「今年の花火」

 今は夏休みの季節である。政治も、何も、フランスの全てが、8月15日を中心に夏休みである。観光客のための食事や、最低の必要を除いて、みんな休んでしまう。郵便局だって、8月中は午後の半日しか開かない。沢山の人が交通手段を使って移動する。南に行くハイウエーは、バカンスの始まりの日は1000キロの交通渋滞、ノロノロ運転で車が詰まってしまっていると報道される。つまり東京から下関くらいまで、炎天下にノロノロ運転を繰り返し、田舎、海岸、山に行き、そして又、夏休みの終わりの週は、パリに向けて逆向きに繰り返される。それでは飛行機でと思うと、必ず航空会社や空港の職員は、人が夏休みに一番移動をする日を選んで、ストライキ宣言をする。毎年恒例である。この日に沢山人を運んで利益を上げておかねばと思うのは日本人だが、経営陣に一番パンチが効くからと、働く側は考えるのである。もう年金暮らしだし、自由なのだから、みんな出払って静かなパリで、ゆとりを満喫と考える仲間が現れても不思議ではない。

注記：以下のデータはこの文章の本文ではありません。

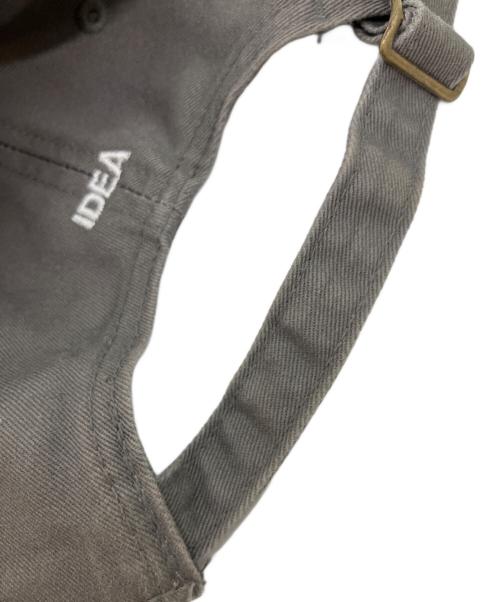 bonjour records（ボンジュールレコード）bonjour records (ボンジュールレコード) idea books (アイディアブックス) IDEA TECHNO IS MY BOYFRIEND CAP キャップ グレーの古着・服飾アイテム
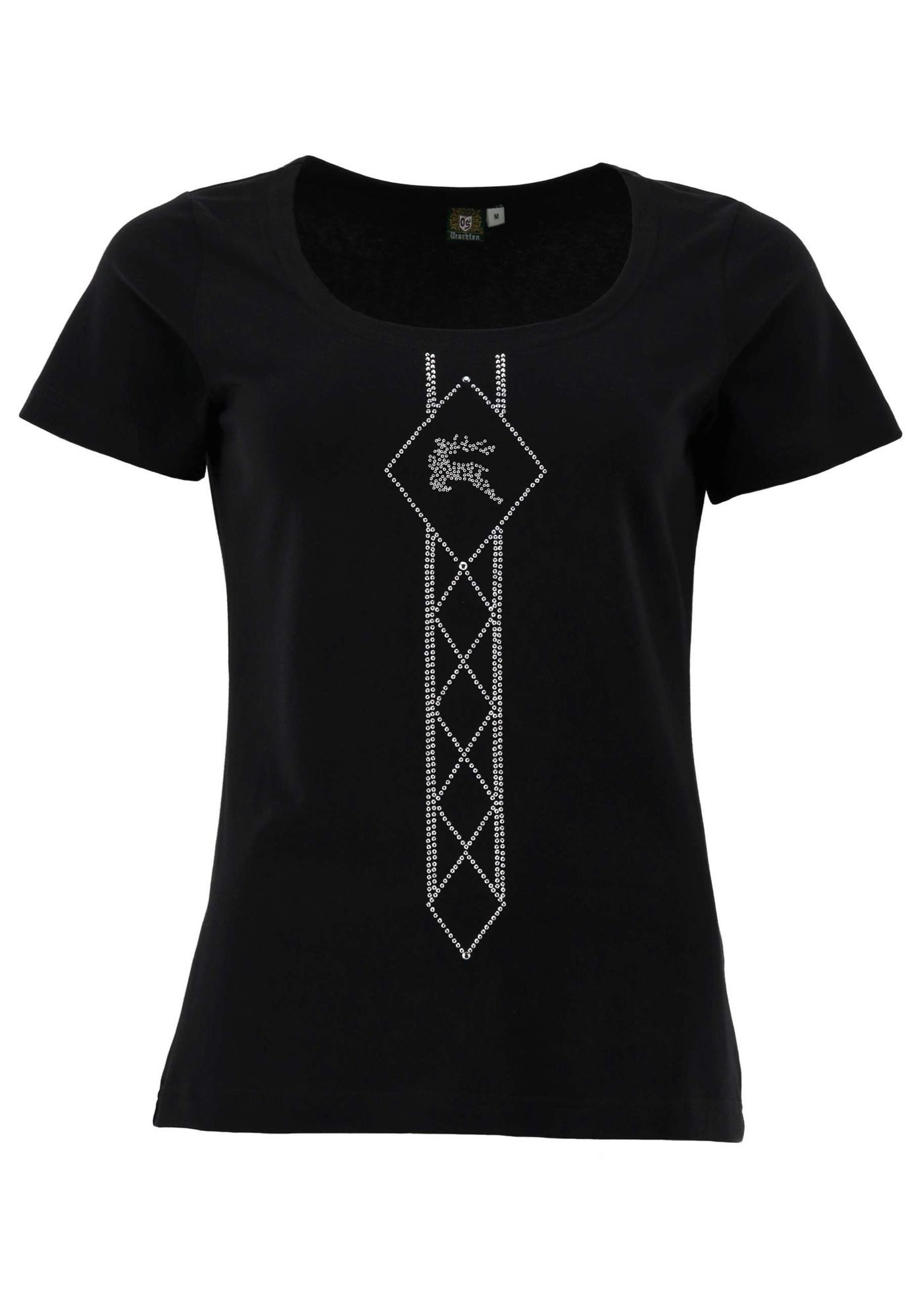 OS Trachten T-Shirt Dularo Tailliert, Rundhalsausschnitt, günstig online kaufen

皆は冬に備えて体を陽に焼き、太陽を求めて南に行くのであって、緯度の高い北の町パリは、避暑地なみの気温なのである。街路樹の緑や、公園、広場が多く、走る車も少なくなって、快適な町の一言。自由業の人など、日常の雑務に煩わされず、他人のバカンスにも行かないでと、不審な目と体裁を気にしなければ、大変に自分の仕事が捗る、そんな葉月である。